ある日廊下に大便がぽろぽろと落ちていたので

さすがに問い詰めると・・・


気付かないうちに出ている・出ているのが分からない

との事でした。



さすがにこれではたまらないと、

パンツ型のおむつを使用してもらいました。

漏らして汚しても捨てるだけで済むので

本人も楽だと喜んでいました。


とりあえずこれで一安心と思いきや・・・


母はオムツを自分で履くことすら困難になってきました。

オムツを履いていてもトイレの便座をよく汚していて、

毎回私が洗っていました。


ある時はオムツをきちんと履けていなくて

カーペットが尿で汚れていました。

私が驚いてきちんと履かせようとすると

「お前のせいだ」

と激しく怒鳴られる始末。


そんなこんなで気の休まらない日々が

続いていたある日、母の様子が急変して入院。

現在に至ります。

  




病院や施設では、当たり前に

おむつ交換

という作業があります。


てきぱきと手馴れた感じで職員さんが

こなしている様子を見て

凄いなぁと毎回思います。


私はあの匂いだけで具合が悪くなり

食事が摂れなくなります。


自分の排泄物も見るのが嫌ですぐ

流してしまうくらいなので、

本当にダメなのかもしれません・・・。



思うのは、


自分もいずれは年をとって

母のようになるんだろうなと。

正直怖いです。

 

 




申し込みをしてから1ヶ月ちょっとで

特養から入園できますよ

とのお返事をいただきました。


今居る老健の職員さんも驚いてましたよ。

こんなに早く決まるのは稀だそうです。

(多床室待ちで)


確かにウチは

要介護5で事情により自宅介護が

困難ではありますが、

この状態でも1年半は待つのは

ザラな地域に住んでます。


その施設さんのタイミングというのもあって、

ちょうど亡くなられた方が複数人いらっしゃって

空きが出たそうなのです。





特養の1ヶ月に掛かる料金は6万円台。
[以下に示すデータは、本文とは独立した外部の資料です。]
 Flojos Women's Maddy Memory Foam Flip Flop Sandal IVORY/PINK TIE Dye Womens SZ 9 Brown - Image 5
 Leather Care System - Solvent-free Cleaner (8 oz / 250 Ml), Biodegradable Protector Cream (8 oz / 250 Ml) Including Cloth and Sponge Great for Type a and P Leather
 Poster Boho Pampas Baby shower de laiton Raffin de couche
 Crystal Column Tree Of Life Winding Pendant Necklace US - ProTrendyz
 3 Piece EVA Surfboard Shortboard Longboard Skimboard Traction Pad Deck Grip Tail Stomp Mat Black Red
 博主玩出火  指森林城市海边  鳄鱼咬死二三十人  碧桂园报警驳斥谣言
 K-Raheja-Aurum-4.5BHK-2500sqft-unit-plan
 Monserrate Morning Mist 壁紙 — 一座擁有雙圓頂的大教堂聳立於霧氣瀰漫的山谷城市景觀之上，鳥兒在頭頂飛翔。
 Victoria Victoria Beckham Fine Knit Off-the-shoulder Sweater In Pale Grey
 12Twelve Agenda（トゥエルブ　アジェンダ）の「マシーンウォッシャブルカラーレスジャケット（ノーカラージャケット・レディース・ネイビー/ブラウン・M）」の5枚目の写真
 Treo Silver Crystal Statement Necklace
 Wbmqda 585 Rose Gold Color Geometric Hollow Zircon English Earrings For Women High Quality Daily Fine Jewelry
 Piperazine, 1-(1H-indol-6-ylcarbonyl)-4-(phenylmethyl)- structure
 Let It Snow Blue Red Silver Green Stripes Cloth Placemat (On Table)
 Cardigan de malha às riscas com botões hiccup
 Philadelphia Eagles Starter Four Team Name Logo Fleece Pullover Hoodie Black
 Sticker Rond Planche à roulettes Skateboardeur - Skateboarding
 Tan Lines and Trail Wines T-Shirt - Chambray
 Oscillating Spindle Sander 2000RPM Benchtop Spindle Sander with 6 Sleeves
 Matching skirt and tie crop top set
(第3段階)

プラス薬代を入れたら7万円弱くらいでしょうか。


特養は薬代が掛かりますので、

金額的には老健よりやや安い程度の差しかでません。


これでもうちの場合はギリギリか赤字になります。

家のローンがありますからね・・・。

私が仕事を増やすしかありません。


特養が決まっても手放しで喜べない状態は

変わりません。



さてこれからまた色々な手続きが必要になります。

仕事をしながら自分ひとりで動かなければ

ならないので、体力勝負になるでしょう。

仕事休みはほぼ潰れますので。


老人介護施設には週に1~2回面会に

行ってます。


まず会うと大泣き。

これは感情失禁のせいもあるのでいいとして・・・


少しでも嫌だと感じると泣き喚きます。

いやだいやだ 等々。


機嫌を損ねた幼い子が、

駄々をこねながら泣いている姿を

見たことがあると思いますが、


まんまあの感じです。




老人介護施設の認知症フロアは、

比較的しっかりしてる(ように見える)方も

多いです。


歩ける・自分で座れる

トイレに行く

TVを見る

自分でご飯を食べる・飲み物を飲む

歯磨き・手ふき

会話をする


私の母が出来ない事をやってる姿を見て

羨ましいなと感じます。


ただ、動ける認知症は後々症状が進んだ時は

大変になってくるのでしょう。




そして入所者のタイプも色々なんですね。


ざっと見た目だけだと・・・


短気な人

朗らかな人

かわいい感じの人

お洒落な人

お喋りな人

黙々と何かをやり続ける人

問題行動を繰り返し目の離せない人


うちの母は、無気力に車椅子に座ってるだけ。

他の人との会話は殆どしないようです。



母が唯一積極性を見せるのが食事。

でも私が見る限りでは、自分でスプーンを

使って食事をするのは無理に等しいです。


利き手の右側が麻痺しているので、

左手での作業。

さらには物の識別がほぼ出来ません。


なので今日の食事開始時、いきなり

(持たされた)スプーンの柄を口に入れてました。

スプーンに乗せられたご飯は、

ボトボトとエプロンの上に・・・。


毎食毎食、こんな感じで大丈夫なのかなと

不安になります。


もちろん職員さんが手助けしてくれますが、

一人で何人も介助しているので、

あまり手が回らないと思います。

 

 

何件も施設を訪問して気が付いたのは・・・

どこも介護士の募集をしていた事です。

足りないみたいですね・・・入れ替わりが激しいみたい。



必要な物ですが、

病院と施設では結構違います。

そして持ち込んだものにはすべて名前を書き込みます。


必要な物やかかる費用は

病院や施設によって違いがあります。


病院では家族の同意を得て拘束行為ができますが、

施設ではよほどの緊急時でない限りはできません。

(ベッドや車椅子のベルト・手足を縛る・4点柵・つなぎ服等)




◆オムツ

緊急病院ではオムツ・尿パットは持ち込みでした。

オムツは高額なので、安いお店で購入して持って行きます

すぐに無くなるので、これが結構大変でした。


普通の病院では、病院指定のものを使います。

しかし一日千円前後はするので、金銭的に痛いです。

交換する回数は病院によって決まってます。

汚染が酷い時にはそれ以外にも交換・・・と言われましたが

悲しい事に(ウチの場合)されていなかったようです。


老人施設ではまず最初に、1ヶ月に掛かる費用総額を

教えてくれると思います。

その中にオムツ代も(すべて)入ってます。

リーズナブルだと思いました。


在宅介護の場合は、市に申請すれば安くオムツを

購入できるようですね。



◆タオル・着替え

病院では寝間着(前開きのもの)。リースしてもOK。

リース代は病院によって色々。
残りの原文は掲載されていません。